Lymphadenectomy has been recommended in RNU for UTUC for its potential survival benefit. In our matched cohort, 23 (46%) of 50 patients without adjuvant chemotherapy and 24 (48%) of 50 patients with chemotherapy underwent lymphadenectomy during RNU. As the role of extended lymphadenectomy remained controversial in UTUC treatment, extended or regional lymphadenectomy was only performed in selected cases who were clinically suspected of having advanced or nodal diseases; otherwise, lymphadenectomy was not performed in low-risk diseases. According to a large population cohort of 16,619 UTUCs, only 15.4% of cases underwent LND; therefore, the proportion of lymphadenectomy in our cohort is clearly not low when compared with the historical series (28).
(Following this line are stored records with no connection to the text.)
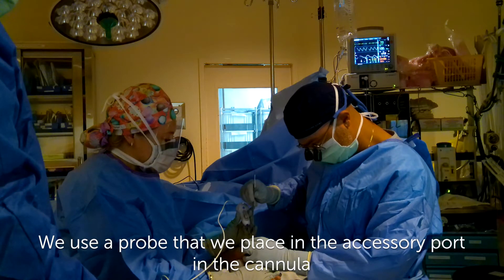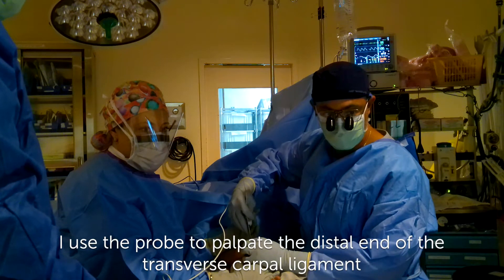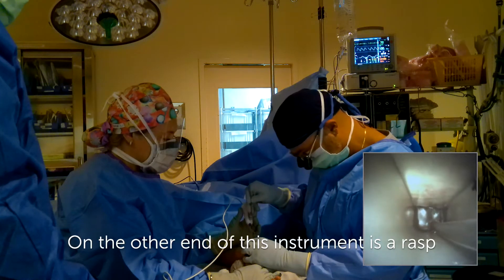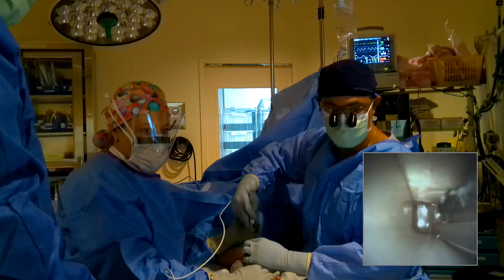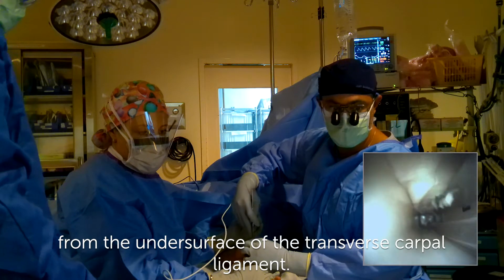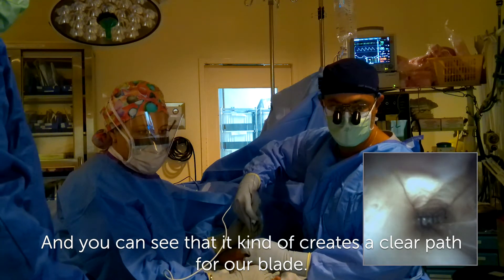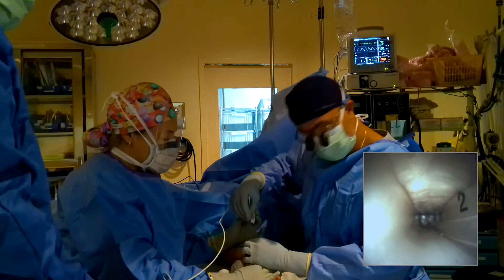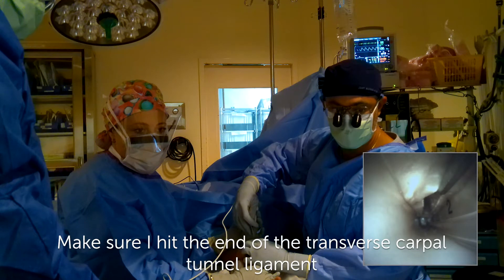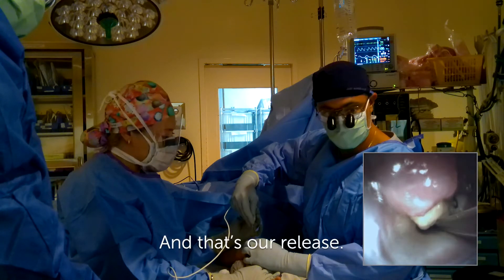We use a probe that we place in the accessory port and the cannula. I use the probe to palpate the distal end of the transverse carpal ligament, so you can clearly see it. On the other end of this instrument is a rasp that we use to scrape the tenosynovium from the undersurface of the transverse carpal ligament. You can see that it creates a clear path for our blade. We put the blade in under direct endoscopic visualization, make sure I hit the end of the transverse carpal ligament, and in a retrograde fashion — and that's our release.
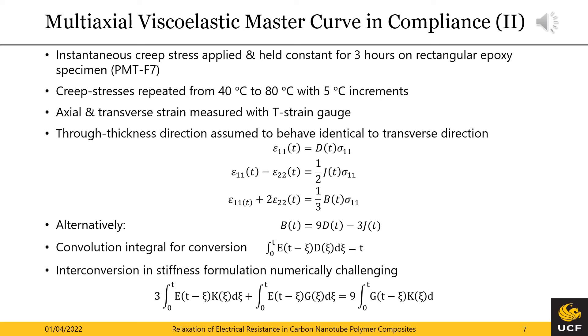In order to determine the bulk creep compliance and the shear creep compliance, a series of three-hour-long creep tests at various temperatures was executed with a rectangular PMTF-7 specimen. The temperatures covered were 40 to 80 degrees Celsius in 5 degrees Celsius increments to allow a robust application of the time-temperature superposition principle. During the creep test, both the axial and transverse strain were recorded with a T strain gauge. By assuming an instantaneous creep load application and identical creep strains in the transverse and through-thickness direction, the viscoelastic convolutional integrals reduce to algebraic equations. Due to the small volumetric strain introduced by a uniaxial tensile test, the uniaxial creep compliance D can be determined from the experimental creep strains instead of the bulk creep compliance B. The bulk creep compliance can then be calculated from the algebraic equation between B, D, and J. Finally, if we also would like to determine the relaxation moduli, the convolution integrals towards the bottom of the slide provide the necessary mathematical tools.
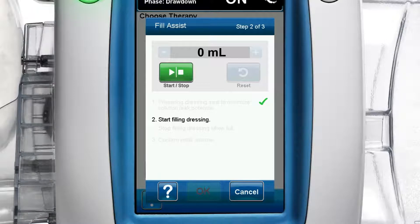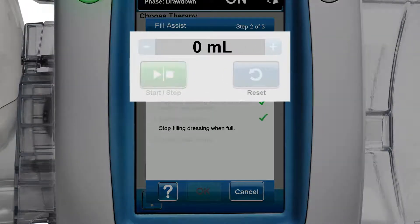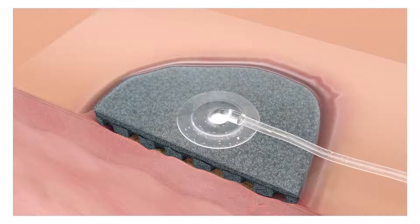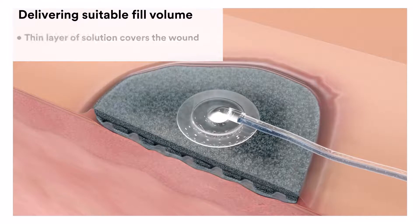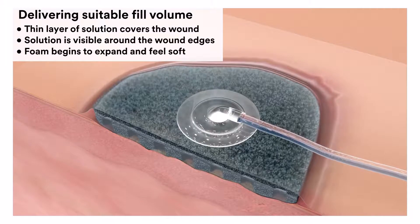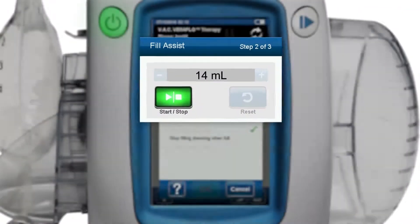Start filling dressing. On the fill assist step 2 of 3 screen, press the green start stop button to begin delivering solution to the wound. Monitor the wound as it fills with solution. Once a thin layer of solution covers the wound, is visible around the wound edges and the foam begins to expand and feels soft, press the start stop button to stop filling.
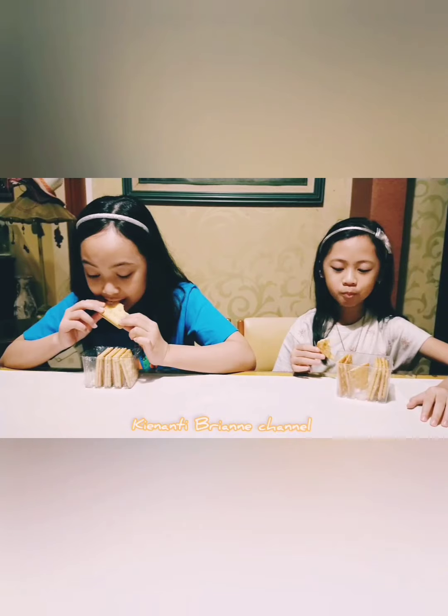Selamat menikmati. It's a beautiful and nice cake. It's a delicious cake. Because the cake is delicious, it's a nice and delicious cake. It's also delicious.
Our cohort was extracted from the Taiwan UTUC registry which is a multicenter UTUC cohort that enrolled more than 4,000 UTUC cases in Taiwan. In the currently enrolled cohort, we identified 245 (7.2%) vUTUC among 3,043 Taiwan UTUC patients from 16 centers. The incidence of variant UTUC varied among centers in Taiwan; it generally ranges from 2% to 13% with only two exceptions (only two centers had a high incidence of 20% which accounted for only 15% of the vUTUC cohort). According to a recent meta-analysis, vUTUC generally accounted for about 13% of all UTUC worldwide, and the incidence varied significantly among different centers (1). Therefore, significant interobserver variation in making the diagnosis of vUTUC is common and clearly inevitable in a multicenter study. Histology review has been recommended for the multicenter study of vUTUC; however, relevant studies remained extremely scarce in the literature. Last year, we randomly enrolled 154 UTUC cases from the Taiwan UTUC registry for histology review (29). Based on our review, 7.8% and 30.5% variant UTUC were identified by the local or the reviewing pathologist, respectively. Only a slight interobserver agreement was achieved with a kappa value of 0.168. However, whether the vUTUC has an impact on disease outcome, according to the univariate analysis, the presentation of variant histology was the only risk factor of DFS in the local pathology reviewed cohort, but not in the review pathology cohort. This could relate to an overdiagnosis of clinically nonsignificant vUTUC in the review pathologist’s cohort, therefore, certainly underestimating the impact of vUTUC on disease outcome. In summary, whether histology review of vUTUC is beneficial in disease outcome prediction for multicenter study remained controversial and need a prospective large cohort study in the future.

Limitations

This study has some limitations. First, the current study is still limited by the small sample size, the lack of the desired power level, and the effect size that does not correspond to the required sample size. Second, the pathology was not centrally reviewed; therefore, interobserver reporting bias was also considered one of the limitations. To minimize the impact of in-concordance of pathology between observers, we used a standardized histological report format which was approved by the Pathology Society of Taiwan based on the AJCC TNM staging system, and the principles of pathology management for urothelial cancer in the NCCN guidelines to ensure a standardized management protocol. In addition, genitourinary pathologists in Taiwan followed the same training program, specimen manipulation protocol, diagnostic criteria, standardized report template, and peer review system in each local institution to minimize the interobserver bias. Third, the retrospective nature of the study design is subject to selection bias. We attempted to account for this by the multi-institution enrollment, PSM, and multivariate Cox regression analyses with adjustment of confounding factors. In addition, cases with incomplete or missing information were excluded, except for some minor variables. Fourth, a lymphadenectomy was mainly performed in patients with clinical suspicious nodal diseases or advanced clinical stages, therefore, not routinely performed during RNU in Taiwan. Hence, the rate of pNx was as high as 45%~76%, which significantly undermined our ability to have further interpretation regarding the influence of the nodal status. Fifth, overall mortality and cancer-specific mortality could be partially overlapped in the primary comparison of matched cohorts. To minimize this effect, multivariate analysis was performed to adjust the confounders that could impact the survival. Finally, the lack of standard templates in reporting specific variant histology inevitably introduced further bias in the reported results (24).

Conclusion

In summary, adjuvant chemotherapy following RNU significantly improved CSS and DFS in patients with UTUC with a variant histology in the current propensity score-matched study. Hence, the effect of adjuvant systemic chemotherapy deserves a further prospective, multi-institutional study to elucidate the optimal care for these rare and challenging patients.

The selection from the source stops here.